:: EXERCISE ::
Each entry is to be given again word for word; images are dropped.
Top of SUPPLIED RECORDS
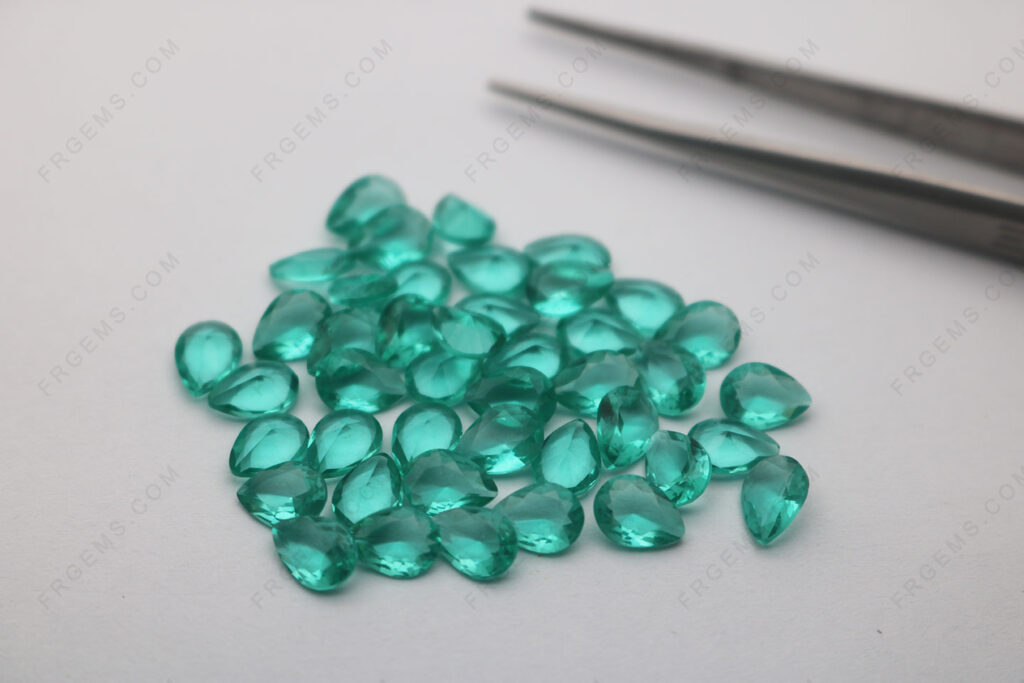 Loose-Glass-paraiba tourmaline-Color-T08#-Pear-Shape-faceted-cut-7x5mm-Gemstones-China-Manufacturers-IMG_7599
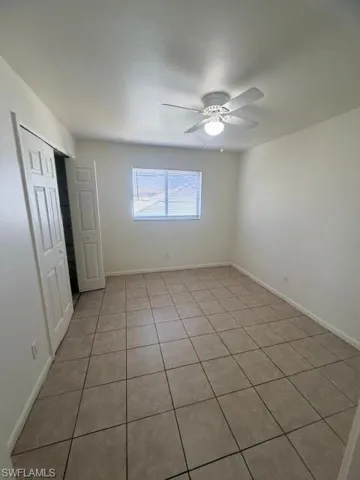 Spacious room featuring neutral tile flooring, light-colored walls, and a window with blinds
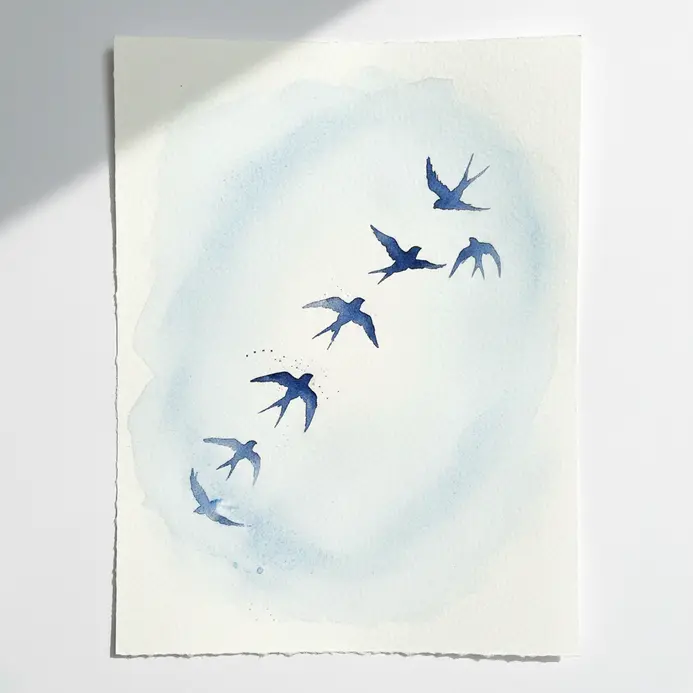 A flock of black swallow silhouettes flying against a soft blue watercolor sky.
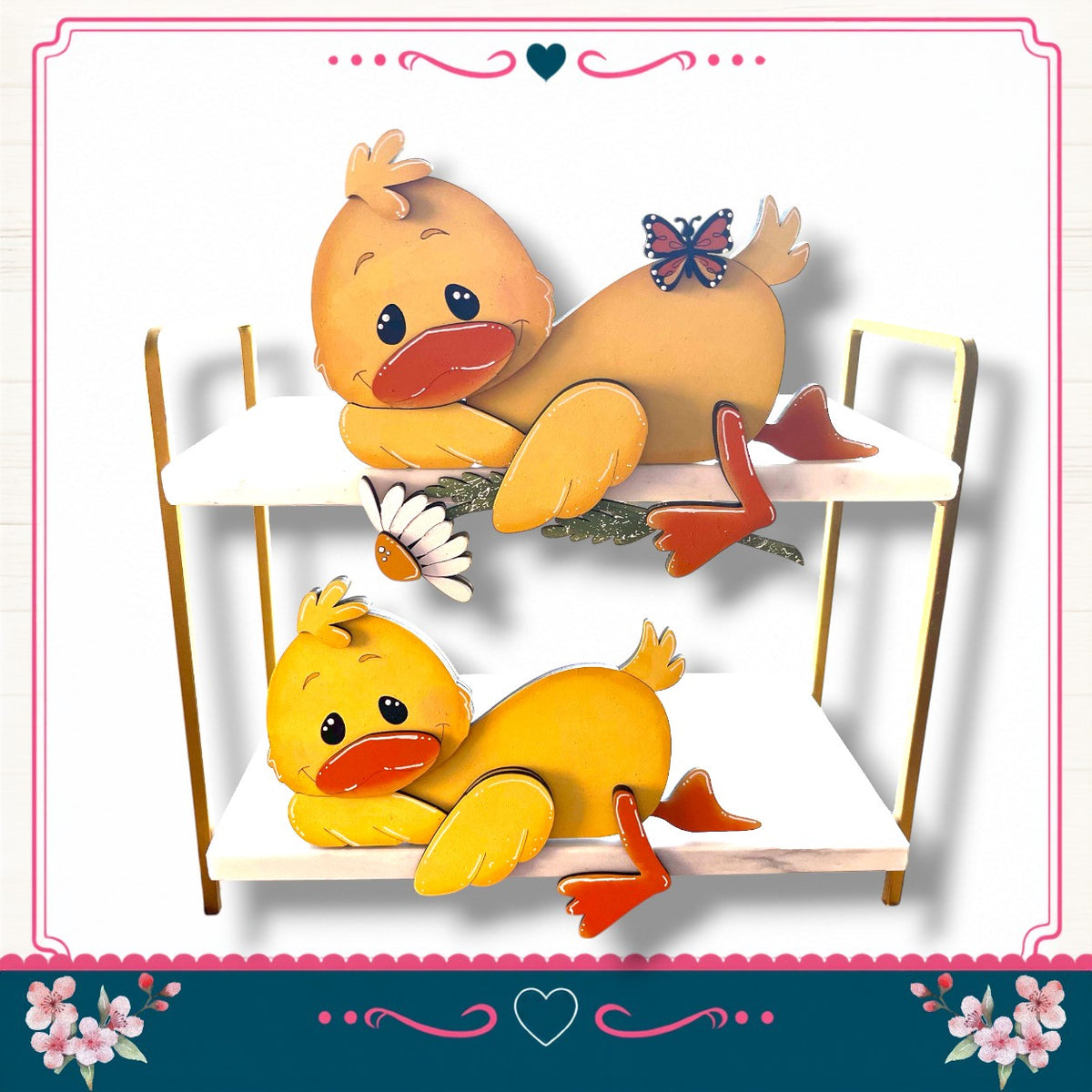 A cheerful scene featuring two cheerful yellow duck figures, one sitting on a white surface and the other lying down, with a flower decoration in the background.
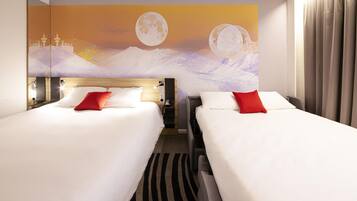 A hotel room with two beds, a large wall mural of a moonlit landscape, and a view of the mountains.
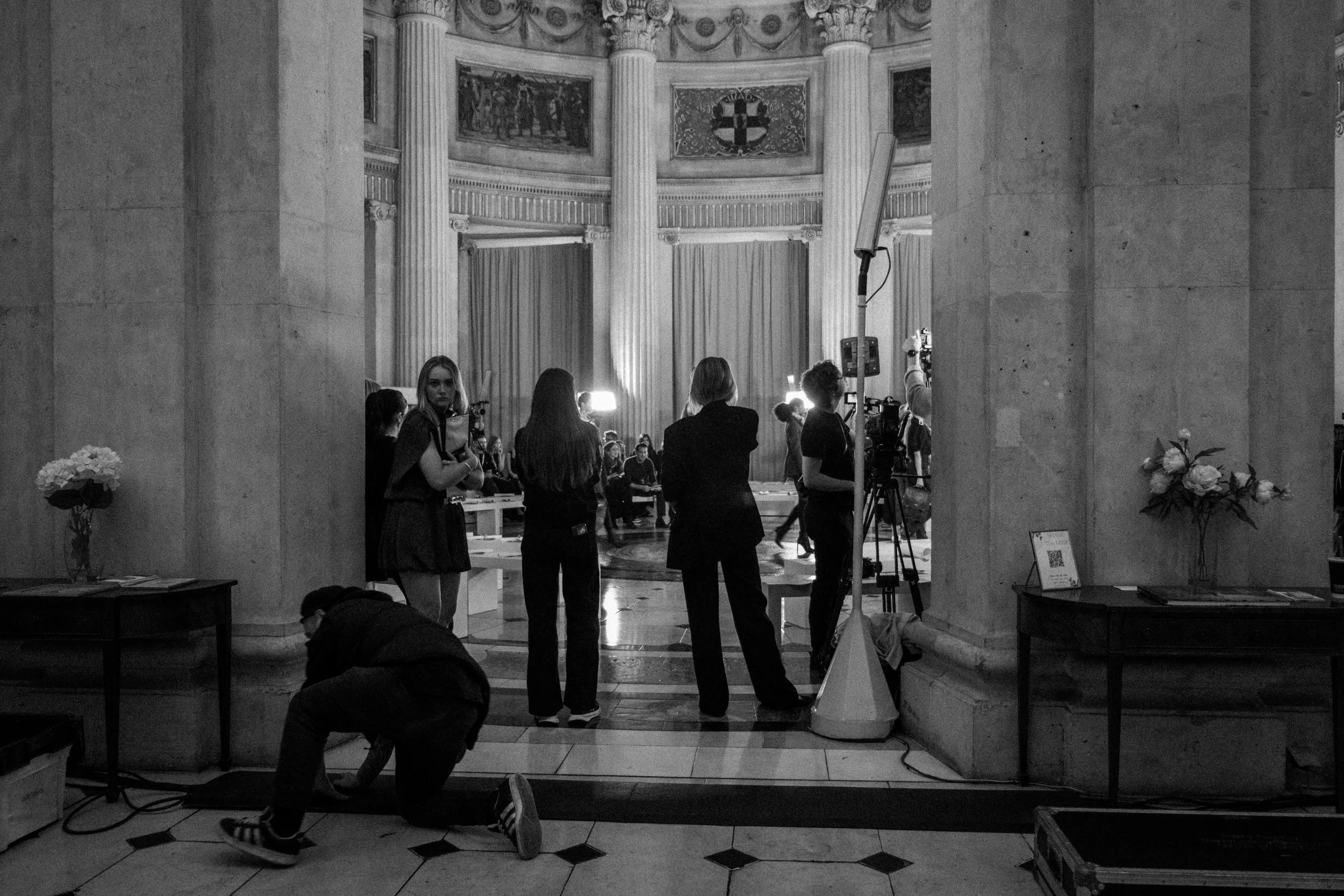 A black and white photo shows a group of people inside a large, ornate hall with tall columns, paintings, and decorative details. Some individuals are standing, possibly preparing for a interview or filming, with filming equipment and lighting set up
Bottom of SUPPLIED RECORDS
:: COMPLETED EXERCISE ::
 Loose-Glass-paraiba tourmaline-Color-T08#-Pear-Shape-faceted-cut-7x5mm-Gemstones-China-Manufacturers-IMG_7599
 Spacious room featuring neutral tile flooring, light-colored walls, and a window with blinds
 A flock of black swallow silhouettes flying against a soft blue watercolor sky.
 A cheerful scene featuring two cheerful yellow duck figures, one sitting on a white surface and the other lying down, with a flower decoration in the background.
 A hotel room with two beds, a large wall mural of a moonlit landscape, and a view of the mountains.
 A black and white photo shows a group of people inside a large, ornate hall with tall columns, paintings, and decorative details. Some individuals are standing, possibly preparing for a interview or filming, with filming equipment and lighting set up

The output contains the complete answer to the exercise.